Note that the conductive film layer may be a conductive film layer separately provided for the purpose of electrochemical deposition, or may be a conductive film layer existing on the substrate to be coated itself. The conductive film layer may be selected from a metal material, for example, a metal including copper or an alloy material.
As shown in FIGS. 1 and 2, a substrate carrier 1000 provided in an embodiment of the present disclosure includes:
a carrier body 100, wherein the carrier body 100 includes at least one carrying surface 100 a for carrying and fixing a substrate 10 to be coated, and a first conductive sheet 110 for connecting an external rectifier is provided on the carrying surface 100 a;
a cover plate 200, wherein the cover plate 200 includes a frame structure with a hollow interior, the cover plate 200 is opposite to the carrying surface and is detachably fixed on the carrying surface 100 a, the shape of the frame structure matches the shape of the substrate 10 to be coated, and the cover plate 200 is used for being fixed on the peripheral region of the carrying surface 100 a and in contact with the first surface of the substrate 10 to be coated, for example, in direct contact with the edge of the substrate 10 to be coated. The position where the cover plate 200 is in contact with the substrate 10 to be coated needs to be set as long as it does not affect the area where subsequent electrochemical deposition needs to be completed. For example, it can be located at the peripheral area of the substrate to be coated. It is understood that the matching of the shape of the frame structure to the shape of the substrate to be coated means that the outer contour of the shape of the substrate to be coated has a same or similar shape to the outer contour of the shape of the frame structure.
As shown in FIG. 2, the cover plate 200 includes an inner side surface 200 a facing the carrying surface 100 a, and a second conductive sheet 210 is provided on the inner side surface 200 a. An elastic connector 300 is provided between the first conductive sheet 110 and the second conductive sheet 210. When the substrate 10 to be coated is fixed on the carrying surface 100 a, the second conductive sheet 210 is respectively in electrical communication with the conductive film layer 11 and the first conductive sheet 110 via the elastic connector 300. It will be appreciated that the orthographic projection of the first conductive sheet 110 onto the carrying surface 100 a at least partially coincides with the orthographic projection of the second conductive sheet 210 onto the carrying surface 100 a, that the orthographic projection of the second conductive sheet 210 onto the carrying surface 100 a at least partially coincides with the orthographic projection of the conductive film layer 11 onto the carrying surface 100 a, and that the orthographic projection of the first conductive sheet 110 onto the carrying surface 100 a does not coincide with the orthographic projection of the conductive film layer 11 onto the carrying surface 100 a.

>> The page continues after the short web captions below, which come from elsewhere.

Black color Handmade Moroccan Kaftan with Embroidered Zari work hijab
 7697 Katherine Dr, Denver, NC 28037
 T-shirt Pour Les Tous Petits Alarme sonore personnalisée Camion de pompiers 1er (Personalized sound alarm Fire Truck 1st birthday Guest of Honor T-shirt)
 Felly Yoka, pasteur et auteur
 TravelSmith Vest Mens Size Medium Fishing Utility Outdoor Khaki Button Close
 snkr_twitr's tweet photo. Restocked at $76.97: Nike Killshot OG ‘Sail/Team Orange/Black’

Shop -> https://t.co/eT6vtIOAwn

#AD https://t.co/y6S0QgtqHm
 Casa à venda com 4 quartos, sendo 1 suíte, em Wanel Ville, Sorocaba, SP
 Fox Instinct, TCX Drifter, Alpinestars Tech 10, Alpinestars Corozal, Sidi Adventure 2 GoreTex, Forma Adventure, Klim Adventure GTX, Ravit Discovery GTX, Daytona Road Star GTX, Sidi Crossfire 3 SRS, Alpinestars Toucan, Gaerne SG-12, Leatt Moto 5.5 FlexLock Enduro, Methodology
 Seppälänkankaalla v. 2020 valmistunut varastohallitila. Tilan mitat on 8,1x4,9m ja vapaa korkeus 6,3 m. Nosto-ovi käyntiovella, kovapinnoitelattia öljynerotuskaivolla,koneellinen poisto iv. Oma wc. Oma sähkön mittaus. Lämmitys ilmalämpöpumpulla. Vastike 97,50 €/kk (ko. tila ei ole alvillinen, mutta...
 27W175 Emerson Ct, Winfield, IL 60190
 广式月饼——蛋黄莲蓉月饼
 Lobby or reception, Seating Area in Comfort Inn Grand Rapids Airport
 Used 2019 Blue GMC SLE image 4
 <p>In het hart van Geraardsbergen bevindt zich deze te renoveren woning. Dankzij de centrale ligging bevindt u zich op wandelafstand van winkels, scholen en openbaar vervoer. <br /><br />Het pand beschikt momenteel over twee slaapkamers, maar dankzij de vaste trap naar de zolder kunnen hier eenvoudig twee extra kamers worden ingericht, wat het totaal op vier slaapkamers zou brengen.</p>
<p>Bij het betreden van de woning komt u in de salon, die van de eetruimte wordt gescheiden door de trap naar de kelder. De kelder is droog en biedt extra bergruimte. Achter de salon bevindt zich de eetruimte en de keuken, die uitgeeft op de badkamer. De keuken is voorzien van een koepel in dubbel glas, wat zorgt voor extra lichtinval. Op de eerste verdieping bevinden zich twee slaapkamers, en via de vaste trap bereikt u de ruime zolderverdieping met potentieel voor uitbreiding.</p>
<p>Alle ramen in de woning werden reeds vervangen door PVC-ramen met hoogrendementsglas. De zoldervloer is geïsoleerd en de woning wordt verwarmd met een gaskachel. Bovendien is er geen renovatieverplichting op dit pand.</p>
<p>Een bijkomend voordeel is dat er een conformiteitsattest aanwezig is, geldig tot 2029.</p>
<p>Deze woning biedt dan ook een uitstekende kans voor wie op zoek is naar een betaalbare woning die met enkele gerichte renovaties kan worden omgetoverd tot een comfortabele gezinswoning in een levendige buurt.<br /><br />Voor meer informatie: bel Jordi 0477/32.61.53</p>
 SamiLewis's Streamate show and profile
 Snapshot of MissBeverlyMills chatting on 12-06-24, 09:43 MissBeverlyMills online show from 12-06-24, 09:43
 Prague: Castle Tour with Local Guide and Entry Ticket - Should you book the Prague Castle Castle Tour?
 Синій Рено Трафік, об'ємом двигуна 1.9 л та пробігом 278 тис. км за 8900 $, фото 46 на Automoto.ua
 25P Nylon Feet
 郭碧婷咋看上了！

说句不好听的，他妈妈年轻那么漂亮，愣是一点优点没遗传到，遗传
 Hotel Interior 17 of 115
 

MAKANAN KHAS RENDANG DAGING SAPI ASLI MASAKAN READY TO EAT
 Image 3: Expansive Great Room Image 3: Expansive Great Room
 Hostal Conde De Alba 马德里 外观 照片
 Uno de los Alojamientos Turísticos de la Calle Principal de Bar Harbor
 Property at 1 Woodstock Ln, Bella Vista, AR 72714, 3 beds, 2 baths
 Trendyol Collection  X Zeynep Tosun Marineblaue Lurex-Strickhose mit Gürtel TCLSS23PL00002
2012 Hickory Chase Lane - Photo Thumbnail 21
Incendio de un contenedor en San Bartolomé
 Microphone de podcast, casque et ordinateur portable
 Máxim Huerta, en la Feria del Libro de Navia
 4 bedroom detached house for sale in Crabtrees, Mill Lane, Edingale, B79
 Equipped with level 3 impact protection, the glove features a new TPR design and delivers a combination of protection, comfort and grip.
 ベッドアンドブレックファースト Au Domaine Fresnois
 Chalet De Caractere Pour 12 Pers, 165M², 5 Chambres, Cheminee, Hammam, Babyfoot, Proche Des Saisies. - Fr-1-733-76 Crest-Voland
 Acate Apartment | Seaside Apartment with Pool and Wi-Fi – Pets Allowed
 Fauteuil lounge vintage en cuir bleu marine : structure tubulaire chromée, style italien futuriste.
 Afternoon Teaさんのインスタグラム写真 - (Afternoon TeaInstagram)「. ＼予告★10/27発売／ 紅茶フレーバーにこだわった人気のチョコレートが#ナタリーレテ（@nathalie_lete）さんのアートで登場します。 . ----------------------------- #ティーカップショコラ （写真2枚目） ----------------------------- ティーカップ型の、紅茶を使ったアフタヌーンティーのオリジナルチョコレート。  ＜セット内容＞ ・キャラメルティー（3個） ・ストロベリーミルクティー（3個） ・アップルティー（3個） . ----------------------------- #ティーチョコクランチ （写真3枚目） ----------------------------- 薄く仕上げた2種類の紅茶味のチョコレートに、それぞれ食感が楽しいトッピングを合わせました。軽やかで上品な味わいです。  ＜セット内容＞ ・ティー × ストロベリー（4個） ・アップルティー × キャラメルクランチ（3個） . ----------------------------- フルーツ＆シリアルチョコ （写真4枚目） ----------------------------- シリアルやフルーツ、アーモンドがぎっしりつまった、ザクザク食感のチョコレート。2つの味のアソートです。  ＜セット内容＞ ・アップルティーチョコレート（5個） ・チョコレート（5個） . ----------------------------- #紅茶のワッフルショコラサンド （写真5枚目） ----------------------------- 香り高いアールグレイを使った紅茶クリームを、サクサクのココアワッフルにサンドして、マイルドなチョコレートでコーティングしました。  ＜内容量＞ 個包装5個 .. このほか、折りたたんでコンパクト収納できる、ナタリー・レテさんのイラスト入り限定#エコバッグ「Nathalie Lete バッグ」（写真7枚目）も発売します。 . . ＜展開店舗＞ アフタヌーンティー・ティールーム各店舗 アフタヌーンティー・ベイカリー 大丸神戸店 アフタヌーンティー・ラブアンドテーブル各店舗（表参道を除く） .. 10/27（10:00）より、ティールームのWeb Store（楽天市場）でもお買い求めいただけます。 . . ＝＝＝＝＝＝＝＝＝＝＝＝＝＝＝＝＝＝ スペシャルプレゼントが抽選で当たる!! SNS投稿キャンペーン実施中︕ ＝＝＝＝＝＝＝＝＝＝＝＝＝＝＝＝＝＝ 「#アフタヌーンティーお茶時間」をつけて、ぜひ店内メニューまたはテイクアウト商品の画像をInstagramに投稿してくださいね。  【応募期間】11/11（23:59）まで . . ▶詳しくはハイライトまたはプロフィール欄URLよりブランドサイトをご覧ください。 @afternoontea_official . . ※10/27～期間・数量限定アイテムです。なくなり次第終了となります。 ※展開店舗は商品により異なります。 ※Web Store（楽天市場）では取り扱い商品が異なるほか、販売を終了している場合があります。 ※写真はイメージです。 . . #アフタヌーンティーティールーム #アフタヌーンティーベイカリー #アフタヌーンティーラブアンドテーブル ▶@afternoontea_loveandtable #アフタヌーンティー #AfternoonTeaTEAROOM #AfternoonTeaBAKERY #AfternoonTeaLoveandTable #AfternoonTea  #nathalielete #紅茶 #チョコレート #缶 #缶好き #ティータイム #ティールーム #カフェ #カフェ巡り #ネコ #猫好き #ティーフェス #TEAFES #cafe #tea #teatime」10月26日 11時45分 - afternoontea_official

According to the substrate carrier provided by the embodiments of the present disclosure, by designing and providing a carrier body 100 and a cover plate 200, the carrier body 100 being able to carry and fix a substrate (such as a glass substrate) to be coated 10, the cover plate 200 being detachably fixed on a carrying surface of the carrier body 100, before placing the substrate 10 to be coated, the cover plate 200 being detached from the carrier body 100, and carrying and fixing the substrate 10 to be coated on the carrying surface 100 a with the second surface of the substrate 10 to be coated facing the carrying surface 100 a and the first surface facing away from the carrying surface 100 a. Thereafter, the cover plate 200 is aligned with the carrier body 100 such that the cover plate 200 is aligned with the peripheral region of the carrying surface 100 a and fixed to the carrying surface 100 a. For example, when the carrier body is quadrilateral, for example, rectangular, the cover plate 200 presses the peripheral edge of the substrate 10 to be coated, and the inner side surface 200 a of the cover plate 200 facing the carrying surface 100 a is provided with a second conductive sheet 210, and the first conductive sheet 110 communicates with the second conductive sheet 210 via a conductive elastic connector 300, so as to achieve the purpose of electrically conducting the conductive film layer 11 and the first conductive sheet 110. Therefore, when the first conductive sheet 110 on the carrier body 100 is connected to an external power source such as a rectifier, the purpose of enabling the substrate 10 to be coated to conduct an electrical signal can be achieved. For example, the conductive film layer 11 on the substrate 10 to be coated serves as a cathode of an electrochemical deposition system, and forms an electric field with an anode of an electroplating apparatus under power, thereby achieving the purpose of electrochemical deposition on the substrate 10 to be coated. Alternatively, a person skilled in the art would have been able to understand that the conductive film layer 11 on the substrate 10 to be coated acts as an anode of the electrochemical deposition system, and forms an electric field with the cathode in the electroplating apparatus under the condition of power supply, thereby achieving the purpose of electrochemical deposition on the substrate 10 to be coated.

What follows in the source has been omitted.